Should I switch to Nursing?


True to my monicker, I love numbers and I work with numbers.

I had been an actuarial consultant for 7 years then an investment analyst for 4 years. I am now working as a strategic planner. While pay is good, I am tempted to try nursing because that would pay more. To be perfectly honest, I am squeamish about a lot of things (puke, poop and the like). But I can work on that.

People in my country are going ga-ga about nursing. It is indeed the passport to the land of milk and honey. In fact, one of my Mom's friend got hired somewhere in the East Coast. I am so damn green with envy when I learned that her friend earns about 2.5Million (in my country's currency) a year. That would be my salary for about 3 years or so.

Recently, I've been looking at switching to nursing and take advantage of the shortage in nurses not just in the US but also in other parts of the globe as well. But, I have come across so many horrid stories in the net about Nursing Jobs that scared the hell out of me. I mean I can surely get over my "squeamishness" about stuff but to be in constant stress -- as I have read, gives me second thoughts.

Please help. Should I switch or not?

al7139, ASN, RN

1 Article; 618 Posts

Specializes in Emergency. Has 5 years experience.

I truly believe that nursing is a calling and not a job to make money. It is true that nurses do quite well financially, but that should never be a reason to go into this career. I am a new graduate nurse in Virginia, and we have a large population of nurses from the Philippines in this area. I work with several, and they are all great nurses, not because it is a way for them to make money, but because they have a true calling as a caregiver. I advise you to really think about why you want to be a nurse, because the ones who do it just for the money do not last long in this profession. Poop, puke, and other "gross" stuff is a part of the profession. I do not enjoy that part of my job, but I deal with it, because it IS a part of my job. The reward is the thanks I get from the patients and families, and seeing a patient leave the hospital, or being able to provide comfort to the families and the patient who dies. But remember that you will experience patients who make you want to scream as well! They are unappreciative, rude, abusive to staff, and don't want your help. If you are thinking of nursing because you genuinely want to make a difference and help the sick...go for it! Otherwise, stick to your present career.


Daytonite, BSN, RN

4 Articles; 14,603 Posts

Specializes in med/surg, telemetry, IV therapy, mgmt. Has 40 years experience.

You might be happier working in Health Information Management. They were traditionally medical records but because of computers and the importance of the medical records this career has really grown in the U.S. The Health Information Management people in America are heavily involved in the billing and collecting of statistical information within healthcare. The WHO (World Health Organization) is also involved in collecting statistics using the same coding systems the Health information Management people use to compile world wide morbidity and mortality statistics that they report. You will have to do some investigatation to find what your country does with health statistics, but somewhere they are done using the ICD-9 or ICD-10 coding systems because the WHO require that statistical information on chronic disease and death be sent to them. I can only offer this American website that you can check out for information.

Specializes in None.

I know its kindda cold-blooded to shift to nursing for the money but that is reality for me.

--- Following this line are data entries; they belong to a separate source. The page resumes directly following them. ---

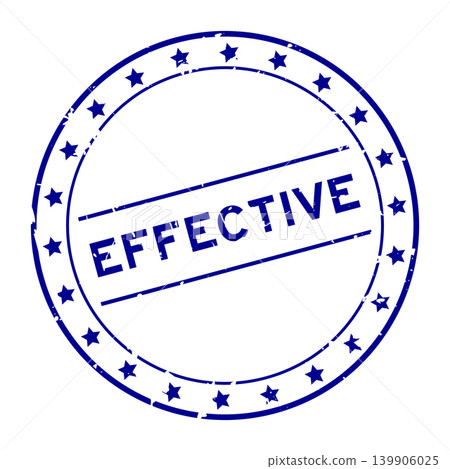 Grunge blue effective word round seal stamp on white background Grunge blue effective word round seal stamp on white background 139906025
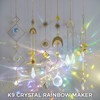 suddus 6pcs Sun Catchers Indoor Window, Hanging K9 Crystals Prism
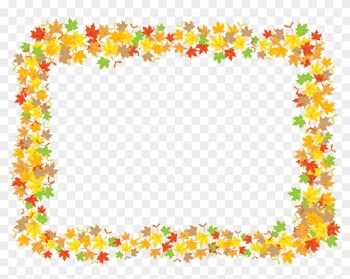 Maple Leaves Frame By Flashtuchka - Leaf Frame Png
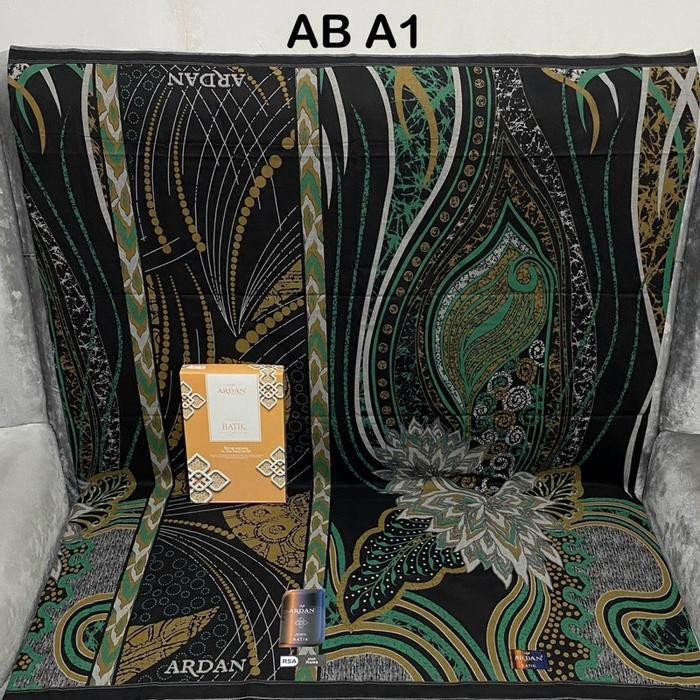 SARUNG ARDAN BATIK ORIGINAL GOLD Muslim Motif - AB A1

I am sure the stress-level in my job doesnt compare with the stress-level of nurses. They should be earning so much for that ton of stress.

I have the option to take the Chartered Financial Analyst but as I've said the nursing field is lucrative. Although, I am sure I dont have the real calling.

Thanks for responding.


201 Posts

Specializes in Oncology, Hospice, Research.


There are many nurses who never see a patient and who work with data for much of their jobs. They have to go through the nursing training and a certain amount of work after school (poop and all) of course but then specialize in areas that focus more on administrative and data management areas. Nursing is a great foundation and a platform for people who want a career in health care but don't necessarily want to be on the front lines caring for patients. Good luck! :nurse:

Tweety, BSN, RN

32,736 Posts

Specializes in Med-Surg, Trauma, Ortho, Neuro, Cardiac. Has 31 years experience.

I don't believe like the poster above that nursing is a "calling". I do think that being only motivated by the money leaves to stress and frustration. You have to like people and taking care of them when they are sick and you have to have that compassionate edge. If you like poeople and think you'd be a good nurse, nothing wrong then with going for the money. But if you don't and you're going for the money anyway, I advice you not doing it.

I understand that's the motivation for a lot of nurses there in the nurse factory that is the Phillipines and honestly don't blame you one bit for thinking about nursing since tens of thousands of your fellow countrymen are doing it.

The jobs that Wren above describes probably isn't available for a beginning foreign nurse, as there are plenty of Americans to take those jobs, but once you get here and work a while, then you might be able to move into those positions.

Good luck to you.


1 Post

I think money should not be the only motivating factor for anybody to take nursing. Nursing is caring about sick and needy people. We can earn lots of money in other field.